05 January 2008

Pure Heaven


[Eaten in 35 seconds, the same amount of time it takes for WAC students to decimate a tray of General Tso's Chicken.]


Here's to eating your dessert before dinner. Or, in this case, instead of dinner. At least I didn't need to feel too badly: 2/3 of this was fruit!


Baked Bananas with Toffee Sauce


(recipe from The Best Ever Three & Four Ingredient Cookbook)

Things pilfered from the pantry:


4 large bananas

5 tablespoons light brown sugar

5 tablespoons heavy cream

5 tablespoons water

1 scoop vanilla ice cream

[Bananas, post-baking.]


  1. Bake unpeeled bananas at 350OF for 20-25 minutes, or just until skin is totally blackened.
  2. Over burner, dissolve brown sugar in water completely. Add cream, boil, and cook 10-15 minutes, or until sauce is thickened and even in color.
    Remove from heat and let stand at least 5 minutes before use, to allow it to become tacky.
  3. Cool bananas for 5-10 minutes. Split bananas lengthways with a very sharp knife. Take care, the insides will be very mushy/runny and the skin will be tough, a very sharp knife will help to pierce the skin quickly and without malforming the flesh.
  4. Serve with ice cream and drizzle toffee sauce over top.


Enjoy!

03 January 2008

Certified for Microwave Cooking


These recipes brought to you by Litton microwave cooking products! Not really, but I did use the company book, Microwave Cooking – Convenience Foods. Despite being hideously out of date (published in 1981), it still lives with the real cookbooks, and not in the "camp" library with Knitting with Dog Hair (a youngster from 1997), Attractive Lawn Furnishings (1946), and The New Joys of Jell-O (1973). Of course, when I glanced through the book on Tuesday, I didn't really expect to find anything edible. Probably because of the 80's stigma. Or that it's a promotional cookbook. From the 80's. I was pleasantly surprised to find at least two recipes that I could work with.

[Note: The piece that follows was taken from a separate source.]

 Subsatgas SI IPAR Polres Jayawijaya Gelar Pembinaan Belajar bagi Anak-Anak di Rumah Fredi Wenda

Tonight's dinner came out of the Litton cookbook, although, of course I had to add a pinch of spice to the food, as everything looked (and no doubt tasted) a little bland right out of the microwave. For the roll-ups, I used seasoned roast beef deli slices instead of old, dried beef, and baked the whole mess in the t.o. to bring out the flavors without making the food soggy. For the Wild Rice Casserole, I added the spices instead of the recommended sour cream, though I wish I had used real roasted chicken instead of canned – the whole dish ended up tasting like tuna, I think because the cans looked so similar that my brain was switching the flavors around. Still, everything in the book, even with alterations, makes a satisfying meal, and it all came out of two dorm-style appliances at around 10 minutes. Sweet.


Asparagus Roll-Ups

Things pilfered from the pantry:

hollandaise sauce

1 bunch asparagus spears

1 package roast beef deli slices

  1. Microwave asparagus in 1 inch water for 5 minutes (crisp) or 7 minutes (mushy).
  2. Drain, roll bunches of five spears up in two slices of roast beef. Bake in the toaster oven on 375OF for 6-7 minutes.
  3. Whatever kind of hollandaise sauce you're using (mix, store-bought, or homemade), make it now while the roll-ups bake.
  4. Serve drizzled in sauce.


Wild Rice Casserole

Things pilfered from the pantry:

2 packages Uncle Ben's 90-second wild rice

1 package frozen chopped spinach

2 cups cooked, chopped up chicken (or 2 cans of chopped chicken)

1/8 teaspoon cumin

1/8 teaspoon basil

2 cloves garlic


  1. Microwave rice by package directions. Microwave spinach in a large, 1 quart, casserole dish for 4 minutes, stir with a fork, and microwave an additional 3 minutes.
  2. Mix together chicken, spinach, and rice along with seasonings and pressed garlic. Microwave 2 minutes.


Enjoy!

01 January 2008

No-Bake Noodle Cookies

I must not have been thinking clearly when I picked Tuesdays, Thursdays, and Saturdays to update. The last night of Hanukkah, Thanksgiving, Christmas, New Year's Day, Valentine's Day, April Fool's Day, Earth Day… all of them on days when I update. (My birthday also, but I won't still be doing ABS, because I will be a college graduate by then, woo-hoo!) Today, I was happy to rediscover a Christmas gift (Thanks Uncle Bruce, Aunt Gwen, and family) on our kitchen table that was perfect for ABS – No-Bake Noodle Cookies.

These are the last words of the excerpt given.